Clarissa Eden, British Countess and Political Influencer, Dies at 101

By the time her husband became prime minister, in 1955, a year before the Suez crisis that came to define his premiership, Britain was entering a different era, though the ruling class still moved in glittery circles. “You were perpetually in evening gowns, tremendous evening clothes — tiaras and God knows what, and long gloves that had to be buttoned up,” she was quoted as saying in “The Goldfish Bowl.”

At the same time, the blue-collar deference that had sustained the country’s rigid class system had begun to weaken. Lady Eden drew adverse press coverage when she asked Maud Butt, the wife of a farmworker, to refrain from hanging out her laundry to dry across a path at Chequers, the prime ministerial country retreat in Buckinghamshire.
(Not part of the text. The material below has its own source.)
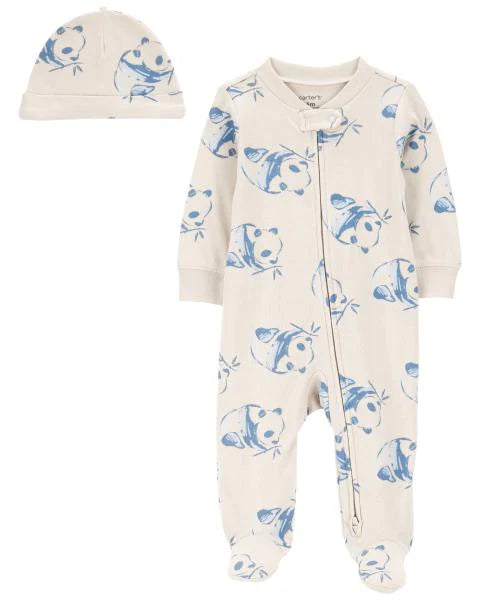 Carter's Panda 2-Piece Sleep & Play And Cap Set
“When we had foreign visitors, we used to take them walking around, and that was one of the places we walked,” she said. “And then one day there was suddenly this washing line across. I said, I thought very nicely, ‘Would she mind the washing not being there?’”
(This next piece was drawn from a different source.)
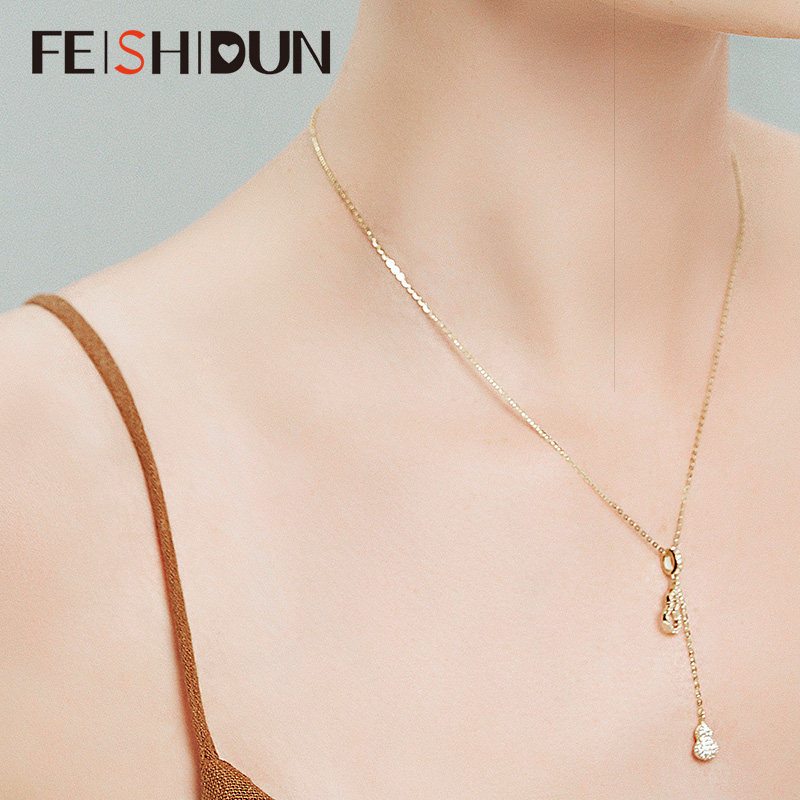 葫芦女镂空潮ins简约纯银锁骨链 妃诗顿项链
Ms. Butt declined the request, and her story appeared in the left-leaning newspaper The Daily Mirror, drawing a swarm of reporters to Chequers to seek out other examples of Lady Eden’s purported highhandedness. But “there was no further evidence of Clarissa’s alleged imperious ways,” Ms. Booth and Ms. Haste concluded in their book.

Anne Clarissa Spencer-Churchill was born on June 28, 1920, the youngest child of Lady Gwendoline Bertie, a daughter of the seventh Earl of Abingdon, and John Strange Spencer-Churchill, a stockbroker and decorated military veteran who was the younger brother of Winston Churchill. She had two elder brothers, Johnnie and Peregrine.

She went by several titles over the years. After her husband was knighted in 1954, she was known as Lady Eden, and when he was ennobled as the Earl of Avon in 1961, she became the Countess of Avon.

The couple had no children, and she died without immediate survivors. Lord Eden, who had suffered enduring health problems, died in 1977.